Hopes that the United States and China could call a trade war ceasefire at the upcoming G20 summit also helped stocks.

Meanwhile, the U.S. dollar retreated with potentially fewer rate increases on the horizon, and sterling rose after the Bank of England said the economy could shrink by as much as 8 per cent in about a year after a no-deal Brexit.

Equity investors reacted favorably to the comments by Powell, who indicated there may not be as many future interest rate hikes from the central bank as was initially anticipated.

“He gave the market, and presumably President Trump, exactly what he wanted, which was an admission that the previously proposed path of future rate hikes was probably too aggressive,” said Oliver Pursche, chief market strategist at Bruderman Asset Management in New York.

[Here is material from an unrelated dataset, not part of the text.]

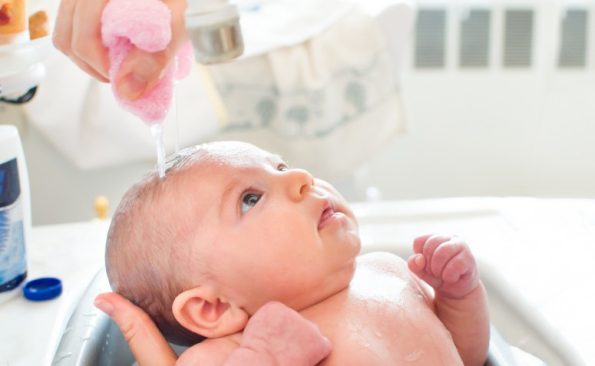 Como Dar Banho Em Recém Nascido Recomendações Da Pediatra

U.S. President Donald Trump has recently been critical of the Fed for raising rates.

The Dow Jones Industrial Average rose 617.64 points, or 2.5 per cent, to 25,366.37, the S&P 500 gained 61.61 points, or 2.30 per cent, to 2,743.78 and the Nasdaq Composite added 208.89 points, or 2.95 per cent, to 7,291.59.

Canada’s main stock index also rose on Wednesday, driven by strong results from Royal Bank of Canada, which helped lift financial sector shares.

The Toronto Stock Exchange’s S&P/TSX Composite index unofficially jumped 227.16 points, or 1.52 per cent, at 15,171.25.

The financials sector gained 2 per cent, helped by a 2.7-per-cent gain in shares of Royal Bank of Canada.

RBC, Canada’s biggest lender, topped quarterly earnings expectations, helped by growth in its retail banking and wealth management divisions.

Bank of Nova Scotia rose 2.8 per cent and Toronto-Dominion Bank rose 2.3 per cent.

Also, Alimentation Couche-Tard Inc. rose 4.8 per cent, helping the consumer staples sector gain 1.4 per cent.

The world’s second-biggest convenience store operator beat analysts’ earnings expectation as it earned more from improved fuel sales.

Leading the index were Transcontinental Inc., up 10.6 per cent, Aphria Inc., up 10.3 per cent, and Hudson’s Bay Co., higher by 9.3 per cent.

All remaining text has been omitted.